En effet, quand le yen flambe, les prévisions de recettes des entreprises exportatrices nippones partent en fumée. Ces dernières sont alors forcées de revoir sévèrement à la baisse leurs estimations annuelles calculées sur des taux moyens incertains, puisque fluctuant en permanence.
Sony, fleuron japonais de l’électronique, a ainsi fait trembler ses actionnaires jeudi en réduisant de plus de moitié ses évaluations antérieures de bénéfices, lesquelles avaient le malheur de s’appuyer sur des hypothèses de taux de change très favorables, mais pas irréalistes à l’époque. Le yen était très bas depuis des mois, et rien ne laissait prévoir jusqu’à récemment une telle envolée.
Las, tout est tombé à l’eau sous l’effet du typhon « subprime » qui s’est abattu sur le monde financier avant de balayer les indices boursiers et de menacer de récession les Etats-Unis et l’Europe dans la foulée.
Cette spirale infernale s’est accélérée vendredi. Redoutant un déluge de révisions à la baisse des objectifs de profits des entreprises exportatrices nippones (secteurs de l’électronique et de l’automobile en tête), les investisseurs à la Bourse de Tokyo se sont débarrassés de leurs actions.
« Nous percevons un risque de nouvelles pertes et pensons que les informations (délivrées par Sony) ne sont pas exhaustives », indique Yuji Fujimori, un analyste de Goldman Sachs.
Les investisseurs semblent estimer que les nouveaux calculs de Sony sont toujours trop optimistes, puisque l’euro et le dollar étaient jeudi bien plus bas que les taux utilisés par le groupe dans ses nouvelles prévisions.

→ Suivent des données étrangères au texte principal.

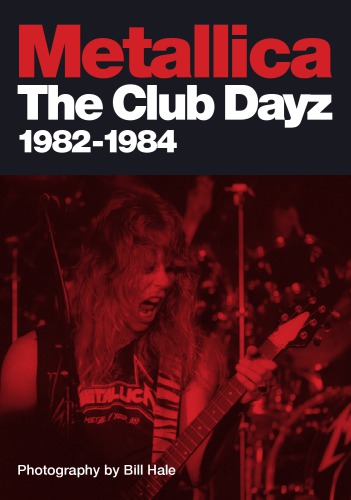 Metallica: club days, 1982-1984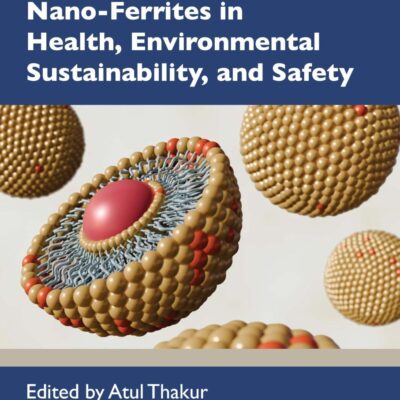 Applications of Spinel Nano-ferrites in Health, Environmental Sustainability, and Safety (Nanotechnology Advances and Applications)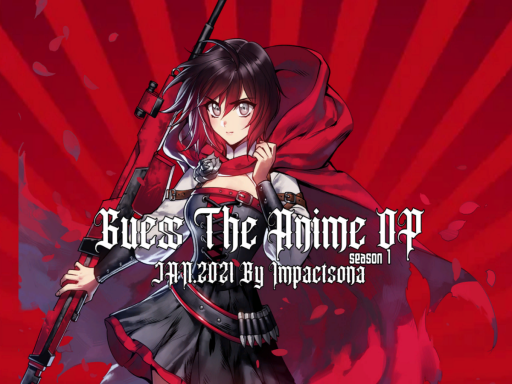 Guess The Anime OP ｜ Jan․2021
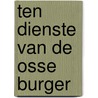 Ten dienste van de Osse burger door I. Bakker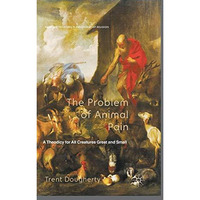 The Problem of Animal Pain: A Theodicy For All Creatures Great And Small [Paperback]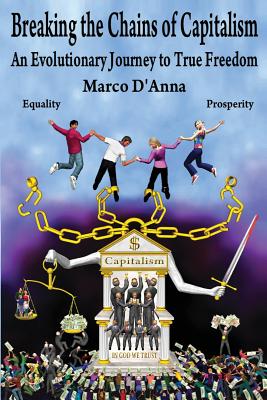 Breaking the Chains of Capitalism: An Evolutionary Journey to True Freedom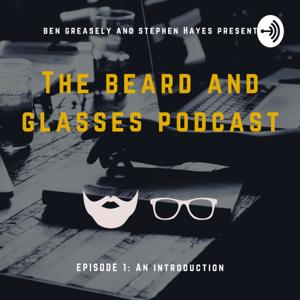 The beard and glasses podcast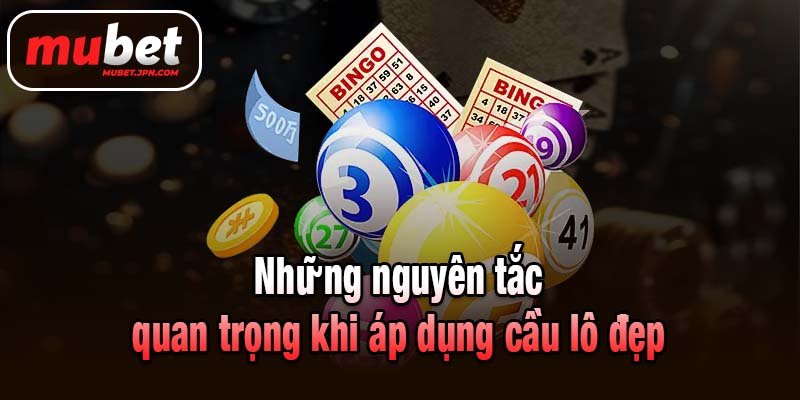 Những nguyên tắc quan trọng khi áp dụng cầu lô đẹp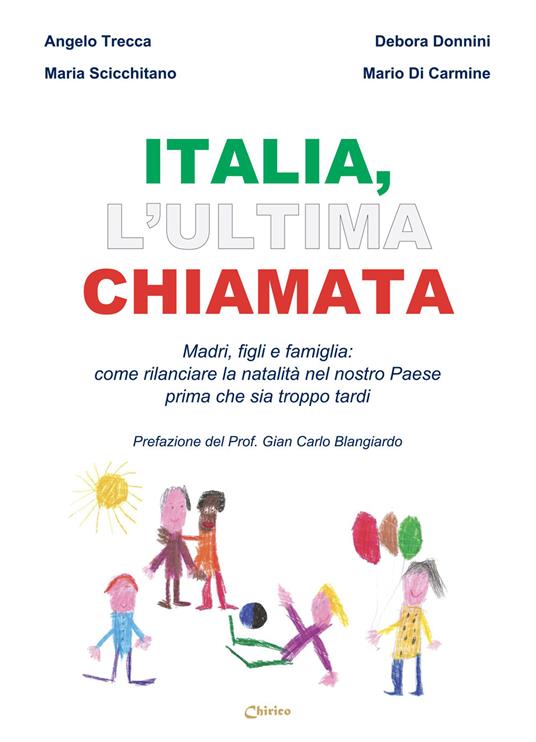 Italia, l'ultima chiamata. Madri, figli e famiglia: come rilanciare la natalità nel nostro Paese prima che sia troppo tardi - Debora Donnini,Maria Scicchitano,Mario Di Carmine - copertina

Le choc de très mauvais augure créé par Sony en sabrant ses simulations financières a non seulement fait dévisser de 14,07% le prix de son action, mais il a aussi enfoncé tout le secteur des technologies, n’épargnant aucun des poids-lourds nippons de l’électronique que sont Panasonic, Canon, Sharp, Nikon ou Pioneer. D’habitude moins sanctionné, le numéro un des consoles de jeu vidéo de poche Nintendo a aussi été pris dans la nasse.
Même motif, même sévère punition pour les constructeurs automobiles nippons Toyota, Nissan, Honda ou Mitsubishi Motors, industriels qui cumulent les handicaps (yen fort, désaffection pour l’automobile, coût du carburant jouant au yo-yo).
Selon les analystes, les investisseurs des sociétés japonaises ont également peur que la prudence des consommateurs occidentaux et nippons couplée à la difficulté d’obtenir des crédits se traduisent pas une offre supérieure à la demande, donc des stocks excédentaires aboutissant à des surcapacités de production.
Cette appréhension est jugée infondée par le Premier ministre nippon Taro Aso qui a affirmé vendredi depuis Pékin que « l’économie japonaise n’est pas en mauvais état », mais qu’elle subit durement l’impact de mouvements extrêmes des valeurs et des monnaies.